Para Moore, a magia é – acima de tudo – um construto de linguagem, um abracadabra de signos, um ato de reinvenção discursiva do mundo que altera a consciência do artista que dá origem a essa reinvenção e dos espectadores que a assistem, leem ou consomem. Nessa acepção, Moore tem defendido uma compreensão de magia que se ajusta à própria linguagem como formadora da nossa visão e da vivência do e no mundo. Assim, alterando a própria linguagem por meio da poesia, da arte e da narrativa, além de outros signos textuais, numéricos, visuais, musicais ou sensoriais, poderíamos alterar a própria realidade. William Blake, um dos mestres do mago de Northampton, prenunciou isso em seu O Matrimônio de Céu & Inferno, quando define a arte como “abertura das portas da percepção”.
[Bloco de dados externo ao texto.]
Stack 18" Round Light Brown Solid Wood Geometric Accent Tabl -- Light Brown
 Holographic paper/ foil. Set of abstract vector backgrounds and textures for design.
Assim, se a realidade pode ser alterada por meio da linguagem e da arte, as religiões e crenças não passariam de poderosos amuletos, igualmente sagrados e ficcionais, tanto divinos quanto narrativos, sistemas imbuídos de sentido e fé. Partindo dessa acepção, Moore não tem qualquer problema em se autodefinir tanto como um mago quanto como um seguidor de Glycon, uma divindade ficcional criada pelo satirista de palco e picareta renomado Luciano de Samosata, que foi apresentada a ele por Steve Moore, também roteirista de quadrinhos e praticante de magia. Foi ao lado de Steve que Alan fundou a sociedade nada secreta “O Grande Teatro Egípcio de Maravilhas da Lua e da Serpente”, ainda na década de 1990. Enquanto Steve apresentava-se como um adorador da deusa grega lunar Selene, Alan dedicou sua magia à divindade romana e em forma de serpente Glycon, duas divindades que nem um nem outro tem qualquer problema de aceitar como igualmente reais e ficcionais.
[…]
Por fim, a longa entrevista de Moore a Eddie Campbell é uma das mais completas reflexões do escritor sobre seu interesse por magia. Nela, Moore debate com Campbell sua formação como mago e como artista, a criação de obras que diretamente se relacionam com o tema – com destaque a Do Inferno, A Voz do Fogo e Promethea –, e um detalhamento de todas as suas performances até aquele momento, além de uma pequena mostra do seu projeto mais importante à época, seu épico quadrinistico pornográfico Lost Girls, em parceria com a artista Melinda Gebbie. Completa o volume, o caderno de esboços de Campbell para uma das seções mais oníricas e sensíveis de Serpentes & Escadas.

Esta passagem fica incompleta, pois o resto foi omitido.